How to algorithmically simulate probabilistic distributions using other distributions

Posted on 2014 03 21 by phimuemue

In this article, we explore (in short) how we can generate random numbers of any distribution if we have a corrupt toin coss generator (i.e. a random toin that produces 1 with (unknown) probability \(p\in(0;1)\) and 0 with (unknown) probability \(q=1-p\)). So first of all, we convince ourselves that we can construct a fair coin tosser (i.e. 1 and 0 occur both with probability 0.5) from the above mentioned corrupt coin tosser.

Therefore, we do the following: We execute the corrupt coin tosser two times. Then there are four possible outcomes:

We repeat until we have either 01 or 10 as output. Then, we can compute: The probability of reaching the result "01" is the following: Either we reach "01" immediately or we get first some "00" and "11". Thus, we can compute the probability of reaching "01" as follows: \(\sum_{i=0}^\infty (p^2+q^2)^i \cdot (pq)\). Using the fact that \(q+p=1\) and geometric series, we compute that this probability is 0.5. Moreover, we can do the same for the outcome "10". Thus, we get a fair random 0/1-number-generator.

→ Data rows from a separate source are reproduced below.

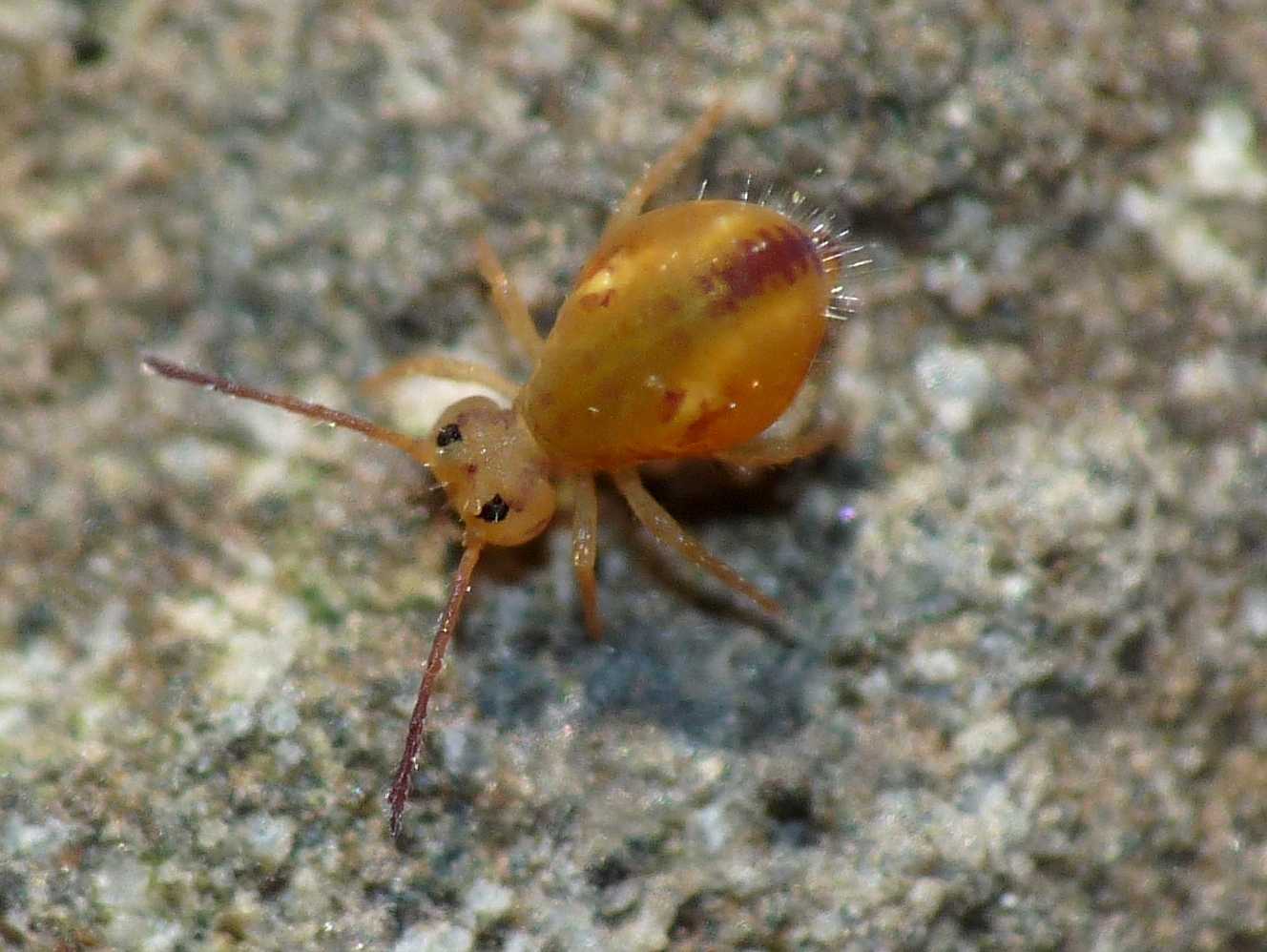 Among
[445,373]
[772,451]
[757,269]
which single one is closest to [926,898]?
[772,451]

We saw that we can w.l.o.g. assume that we have a fair 0/1-random-number-generator \(R\). Armed with this knowledge, we can now say that we can generate any discrete random distribution, where the number of results is finite. Therefore, we can just employ a binary encoding of successive calls to \(R\). To be more precise, if we want to have \(n\)possible outcomes (namely from 0 to \(n-1\)), we do \(\lceil \log_2 n \rceil\) calls to \(R\). If the binary encoding of the successive \(R\)-calls yields a number less than \(n\), we are done and return that number as the result of our random process. Otherwise, we repeat until we get such a number as the result.

So, up to now we saw that we can w.l.o.g. assume that we have random number generators that generate a random number between 0 and \(n\).

For now, we assume that we want to construct a random variable \(X\) with a specific distribution. To generate any such variable, we need a continuous random variable. That is, we have to convert somehow our discrete variable to a continuous one.

There are several methods to do so, however we focus on the following: We assume \(R\) is a fair 0/1-random-number-generator. Then, we execute \(n\) times the generator \(R\) and interpret the result as a \(n\)-digit binary number. After that, we divide the result by \(2^n\). Note that this yields still a discrete random variable, but for large \(n\) it "behaves" like a uniformly distributed variable over the intervall \([0;1]\). To be honest, I do not know if there is a (theoretical) way of transforming any discrete random variable into a uniformly distributed continuous random variable.

So, we now assume that we have (almost) a random variable \(R'\) that is uniformly distributed over \([0;1]\). If we now want a (continuous) random variable \(X\) with the distribution \(F_X(t)=P(X\leq t)\), we can do as follows (we assume \(F_X\) to be strictly increasing, and thus we also assume that there is an \(F_X\) inverse \(F_X^{-1}\) with \(F_X(F_X^{-1}(t))\)): We define this random variable as follows: \(X=F_X^{-1}(R')\).

Now we compute:

\(P(X\leq t)=P(F_X^{-1}(R')\leq t)= P(R' \leq F_X(t))\approx F_R'(F_X(t))= F_X(t)\)

This tells us that \(X\) is a random variable with the distribution \(F_X\), which is what we wanted.

Note that out of a continuous variable it is no problem to derive a discrete random variable that e.g. takes only integral values.